Caption-style text data
[Start of section]
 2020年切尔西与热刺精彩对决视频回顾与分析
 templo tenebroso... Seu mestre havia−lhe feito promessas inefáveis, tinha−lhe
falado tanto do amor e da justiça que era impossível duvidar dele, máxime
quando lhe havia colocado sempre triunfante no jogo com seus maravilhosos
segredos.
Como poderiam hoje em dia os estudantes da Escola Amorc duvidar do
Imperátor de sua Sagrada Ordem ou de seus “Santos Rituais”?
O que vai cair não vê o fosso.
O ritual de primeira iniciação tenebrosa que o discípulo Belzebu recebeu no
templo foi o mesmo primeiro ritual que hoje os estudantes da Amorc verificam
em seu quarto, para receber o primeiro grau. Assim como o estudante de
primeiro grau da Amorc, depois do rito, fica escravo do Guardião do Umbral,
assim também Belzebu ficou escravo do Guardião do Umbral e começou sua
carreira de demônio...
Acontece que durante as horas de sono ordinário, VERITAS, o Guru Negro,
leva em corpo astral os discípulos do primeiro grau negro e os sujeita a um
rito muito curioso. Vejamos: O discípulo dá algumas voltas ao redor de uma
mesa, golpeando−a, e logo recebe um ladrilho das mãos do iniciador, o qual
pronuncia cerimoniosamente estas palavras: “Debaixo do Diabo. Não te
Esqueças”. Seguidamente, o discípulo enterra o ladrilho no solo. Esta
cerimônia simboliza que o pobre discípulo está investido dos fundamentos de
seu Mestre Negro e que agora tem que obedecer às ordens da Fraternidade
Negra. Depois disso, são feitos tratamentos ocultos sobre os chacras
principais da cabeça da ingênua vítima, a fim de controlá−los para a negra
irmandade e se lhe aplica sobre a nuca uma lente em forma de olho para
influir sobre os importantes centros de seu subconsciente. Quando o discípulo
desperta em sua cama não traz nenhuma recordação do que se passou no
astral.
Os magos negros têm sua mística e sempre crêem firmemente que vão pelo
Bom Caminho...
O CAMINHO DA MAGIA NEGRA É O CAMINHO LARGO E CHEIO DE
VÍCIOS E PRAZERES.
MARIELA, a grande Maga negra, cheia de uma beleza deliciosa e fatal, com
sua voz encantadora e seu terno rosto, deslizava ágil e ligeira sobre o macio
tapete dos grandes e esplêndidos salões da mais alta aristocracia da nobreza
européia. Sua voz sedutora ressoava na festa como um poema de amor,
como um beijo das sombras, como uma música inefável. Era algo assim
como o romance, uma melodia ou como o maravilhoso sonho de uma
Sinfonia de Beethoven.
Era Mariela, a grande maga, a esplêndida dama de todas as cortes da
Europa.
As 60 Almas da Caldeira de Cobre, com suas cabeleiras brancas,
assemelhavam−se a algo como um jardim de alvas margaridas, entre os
[End of section]
▶ _The task_
If a line of the data holds the string "Belzebu", list it.

▶ _Final answer_
O ritual de primeira iniciação tenebrosa que o discípulo Belzebu recebeu no
assim também Belzebu ficou escravo do Guardião do Umbral e começou sua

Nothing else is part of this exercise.